--- What this task involves ---
Reproduce nothing but the lines from the one containing "this 933×700 image." to the end of the records below, each exactly as written.

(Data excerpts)

-*-

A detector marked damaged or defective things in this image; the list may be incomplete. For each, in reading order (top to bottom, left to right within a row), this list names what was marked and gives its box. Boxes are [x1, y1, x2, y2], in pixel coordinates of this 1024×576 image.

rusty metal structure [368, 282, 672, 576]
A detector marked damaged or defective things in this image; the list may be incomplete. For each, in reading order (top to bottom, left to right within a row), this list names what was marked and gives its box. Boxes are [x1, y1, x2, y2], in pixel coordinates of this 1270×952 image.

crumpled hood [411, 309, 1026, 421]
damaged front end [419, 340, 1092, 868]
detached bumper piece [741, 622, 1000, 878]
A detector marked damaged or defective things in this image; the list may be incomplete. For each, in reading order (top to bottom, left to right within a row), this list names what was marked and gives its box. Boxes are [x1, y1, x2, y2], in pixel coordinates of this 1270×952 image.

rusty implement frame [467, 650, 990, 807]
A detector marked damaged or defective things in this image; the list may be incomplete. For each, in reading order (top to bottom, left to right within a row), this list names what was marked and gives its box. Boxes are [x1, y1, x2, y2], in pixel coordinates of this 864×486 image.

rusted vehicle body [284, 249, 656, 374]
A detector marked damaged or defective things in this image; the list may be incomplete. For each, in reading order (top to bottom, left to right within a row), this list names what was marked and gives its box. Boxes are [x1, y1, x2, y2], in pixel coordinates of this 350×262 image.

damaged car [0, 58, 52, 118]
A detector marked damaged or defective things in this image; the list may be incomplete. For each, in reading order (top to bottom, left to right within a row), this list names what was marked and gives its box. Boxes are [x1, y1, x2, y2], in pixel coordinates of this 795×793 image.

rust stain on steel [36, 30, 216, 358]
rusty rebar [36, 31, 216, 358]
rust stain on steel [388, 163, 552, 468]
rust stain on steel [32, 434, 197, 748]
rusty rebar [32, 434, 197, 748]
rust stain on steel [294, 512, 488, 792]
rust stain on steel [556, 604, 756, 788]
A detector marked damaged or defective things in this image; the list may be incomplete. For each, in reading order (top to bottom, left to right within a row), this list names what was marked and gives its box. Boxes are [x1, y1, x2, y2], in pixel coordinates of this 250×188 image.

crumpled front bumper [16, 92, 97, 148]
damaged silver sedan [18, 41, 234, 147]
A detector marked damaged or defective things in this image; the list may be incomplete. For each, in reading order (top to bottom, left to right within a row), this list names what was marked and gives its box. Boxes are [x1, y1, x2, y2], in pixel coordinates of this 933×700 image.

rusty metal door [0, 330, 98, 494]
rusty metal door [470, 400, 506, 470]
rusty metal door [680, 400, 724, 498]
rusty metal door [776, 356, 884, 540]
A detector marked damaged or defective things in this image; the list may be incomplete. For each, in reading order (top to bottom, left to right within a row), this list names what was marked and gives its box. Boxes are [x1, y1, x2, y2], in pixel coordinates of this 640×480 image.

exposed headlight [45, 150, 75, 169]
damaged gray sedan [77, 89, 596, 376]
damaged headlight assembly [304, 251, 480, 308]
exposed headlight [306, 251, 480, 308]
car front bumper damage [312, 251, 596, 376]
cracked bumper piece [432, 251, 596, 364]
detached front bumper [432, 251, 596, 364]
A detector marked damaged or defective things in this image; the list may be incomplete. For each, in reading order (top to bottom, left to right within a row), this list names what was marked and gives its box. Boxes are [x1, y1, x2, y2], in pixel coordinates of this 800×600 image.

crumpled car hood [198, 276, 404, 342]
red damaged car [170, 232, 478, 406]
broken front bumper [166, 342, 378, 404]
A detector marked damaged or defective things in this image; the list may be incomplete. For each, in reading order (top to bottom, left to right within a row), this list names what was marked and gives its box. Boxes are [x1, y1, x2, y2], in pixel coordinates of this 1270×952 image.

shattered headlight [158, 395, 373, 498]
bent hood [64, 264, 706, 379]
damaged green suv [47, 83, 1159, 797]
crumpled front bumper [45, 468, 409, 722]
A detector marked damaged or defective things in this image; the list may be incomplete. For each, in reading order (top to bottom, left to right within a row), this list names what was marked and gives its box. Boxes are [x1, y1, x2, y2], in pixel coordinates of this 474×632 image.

-*-

--- Exercise output ---
A detector marked damaged or defective things in this image; the list may be incomplete. For each, in reading order (top to bottom, left to right within a row), this list names what was marked and gives its box. Boxes are [x1, y1, x2, y2], in pixel coordinates of this 933×700 image.

rusty metal door [0, 330, 98, 494]
rusty metal door [470, 400, 506, 470]
rusty metal door [680, 400, 724, 498]
rusty metal door [776, 356, 884, 540]
A detector marked damaged or defective things in this image; the list may be incomplete. For each, in reading order (top to bottom, left to right within a row), this list names what was marked and gives its box. Boxes are [x1, y1, x2, y2], in pixel coordinates of this 640×480 image.

exposed headlight [45, 150, 75, 169]
damaged gray sedan [77, 89, 596, 376]
damaged headlight assembly [304, 251, 480, 308]
exposed headlight [306, 251, 480, 308]
car front bumper damage [312, 251, 596, 376]
cracked bumper piece [432, 251, 596, 364]
detached front bumper [432, 251, 596, 364]
A detector marked damaged or defective things in this image; the list may be incomplete. For each, in reading order (top to bottom, left to right within a row), this list names what was marked and gives its box. Boxes are [x1, y1, x2, y2], in pixel coordinates of this 800×600 image.

crumpled car hood [198, 276, 404, 342]
red damaged car [170, 232, 478, 406]
broken front bumper [166, 342, 378, 404]
A detector marked damaged or defective things in this image; the list may be incomplete. For each, in reading order (top to bottom, left to right within a row), this list names what was marked and gives its box. Boxes are [x1, y1, x2, y2], in pixel coordinates of this 1270×952 image.

shattered headlight [158, 395, 373, 498]
bent hood [64, 264, 706, 379]
damaged green suv [47, 83, 1159, 797]
crumpled front bumper [45, 468, 409, 722]
A detector marked damaged or defective things in this image; the list may be incomplete. For each, in reading order (top to bottom, left to right within a row), this list names what was marked and gives its box. Boxes are [x1, y1, x2, y2], in pixel coordinates of this 474×632 image.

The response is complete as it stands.